Whether Bill Murray is boring or not in this movie seems to be irrelavant since he has always been the quintessence of boredom. Ever since he came up to the world screens, this actor seems to be an invitation to sleep. Just to look at his face - always the same - reveals a terrible lack of sleep, not to mention his total absence of histrionic ability. Actually, he put me to sleep exactly 20 minutes after these broken flowers started to wither (with LOST IN TRANSLATION, I slept almost the whole movie). BROKEN FLOWERS lacks dramatic development, is somewhat repetitive and very little (interesting) happens. I did enjoy the work of the actresses, though, such as Jessica Lange, Tilda Swinton, or Julie Delpy (that's the only reason I give 2 stars to the movie), but the film itself seems to me quite uninteresting. Probably, with a more charismatic main interpreter, it might've been catchier. As it is, it eternally and becomes quite effective as a sleeping pill. The movie is directed by Jim Jarmuch, the maker of COFFEE & CIGARRETTES: another bore.



Movie Review: beautiful, haunting, classic Jarmusch
Summary: 5 Stars

Like all of Jim Jarmusch's movies, "Broken Flowers" is above all a journey: sometimes quick, sometimes slow, sometimes interesting, sometimes fascinating, but always random, unpredictable, and deliciously impenetrable.

Really strong cast all around, from Jeffrey Wright (who supplies some awesome Ethiopian pop music) to Sharon Stone (in a non-bimbo role for a change) and Jessica Lange. As with most Jarmsuch movies the soundtrack is excellent.

I won't bore you with a plot synopsis, because many others here have done so already, and also because this movie is really not about plot at all. It's more about the absence of plot which is really the plot of all our lives...IF we are awake and aware and open enough to realize it. Yes, there is a strong Zen flavor to this film.
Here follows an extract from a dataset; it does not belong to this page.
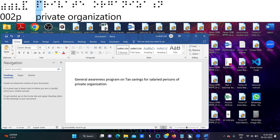Under Section 16, the first item is standard deduction. Standard deduction means the government gives a tax relief of 50,000 rupees if you are earning more than that. Previously, before 2019, we had medical exemption claims separately, but now the government has simplified it as a standard deduction. No documents are required for standard deduction — directly we can subtract 50,000 from the salary income. This is the first item under Section 16.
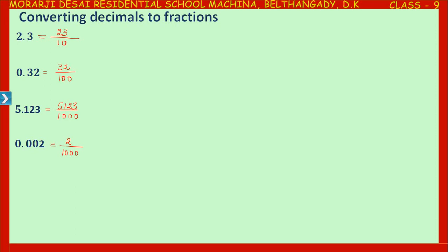Because the end digit after the decimal point is 2, and the place value of 2 is thousandths, you have to write 1000 in the denominator. Now, 8.003. Remove the decimal point of 8.003 — that becomes 8003. In the denominator, look at the place value of the rightmost digit after the decimal point. In 8.003, this is the tenths place, this is the hundredths place, and 3 is in the thousandths place. So we have to write 1000 in the denominator.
Unlike your typical linear 3-act, conflict-and-resolution movie (not to mention the moronic Hollywood mass movies Murray used to star in), "Broken Flowers" is a film you can come back to and watch over and over again and still find something new in it every time.

Movie Review: Subtleties
Summary: 5 Stars

"Broken Flowers" is just the kind of film I love: It's equal parts funny and sad, intelligently written, beautifully shot, and directed by someone smart enough to get out of the way and let the outstanding actors shine. And shine they do. Once again Bill Murray, as Don Johnston, is understated, and once again it works, allowing the rest of the cast to flesh out their richly idiosyncratic characters. The journey is Don's, but the film really belongs to the actresses who play his former lovers. Don sees himself, and the world, differently through the eyes of each of these four women. The beauty lies in the subtleties: the glimpse of nudity that Laura's (Sharon Stone) daughter un-self-consciously allows Don, the desperate looks Dora (Francis Conroy) shoots to Don over dinner with her obnoxious, soulless husband, the hostility that seethes under the surface of Carmen (Jessica Lange), or Don's strangely unsurprised reaction when he's attacked by Penney's (Tilda Swinton) backwoods companions. Rich, dreamy, and bittersweet, "Broken" never looked so good.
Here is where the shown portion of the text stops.